First off, let's take a view from 10km. The folks who might be interested in fragmenting are those who are disk-bound. I think we have to assume these folks will have already invested in tons of RAM for OS disk cache, RAID arrays of high-speed disks, etc. They may have invested in high-performance servers and/or disk subsystems (locally attached or NAS/SAN) that are not even NTFS based (as trivial examples, think Novell or Linux/SaMBa). Both read and write caching will be enabled at the OS level.

One serious question is, are such people even going to be using VFP to store their data? Only if VFP is the fastest available solution for their needs. In many cases - I would guess most - the answer will be no, so your market is the subset of dedicated VFP users who are disk-bound.

Of the disk-bound VFP users, only some will benefit from purposeful fragmentation.

OK, now let's look at VFP. VFP works at the SMB level, making simple calls to SMB-compliant server(s) that may or may not be Microsoft-based (e.g. Novell and SaMBa). These SMB calls know nothing about the underlying devices - heads/cylinders/clusters/sectors, or even if they are disk devices (e.g. optical jukeboxes, RAM disks, etc.). Given the possible implementations of SMB compliant servers it is not possible for a client application to specify the geometry of data storage within them.

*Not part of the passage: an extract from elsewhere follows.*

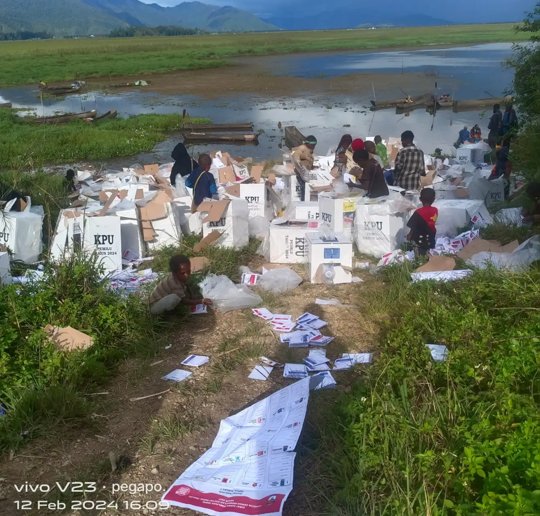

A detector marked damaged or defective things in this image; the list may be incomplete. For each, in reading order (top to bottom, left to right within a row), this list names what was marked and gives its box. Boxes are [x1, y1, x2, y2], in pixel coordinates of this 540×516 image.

Since SMB isn't geometry-aware, now we're looking to modify the operation of specific SMB servers. There are two options here:

- Get the OS to treat VFP-specific files differently from others
- Leave the OS alone; instead, use a DiskFrag product to periodically "groom" VFP files to fragment them optimally.

Option 1 ain't gonna happen. To use MS as an example, there's no way MS would let the VFP hair at the tip of the tail wag the enterprise-fundamental NTFS dog. To those guys simple=good, complex=bad, and your plan is not simple. They would tell you to write a daemon to manage a monolithic file, as I outlined in an earlier message.

So, we've narrowed it down to Option 2. For DiskFrag to do its job it has to know a lot about the disk subsystem:

- Whether the device is a RAID array, striped, etc.
- Whether the volume, or individual files, are compressed (this is a biggie)
- Actual physical geometry of individual drive(s)
- Actual record sizes in .DBFs and .FPTs (at least)
- Multiply all of the above x # of distinct VFP apps on that volume/partition

This routine will be fiendishly complex. Its simplest task would be to purposely fragment contiguous files. Its most difficult challenge would be to consistently improve performance over that of a volume that has never been defragmented.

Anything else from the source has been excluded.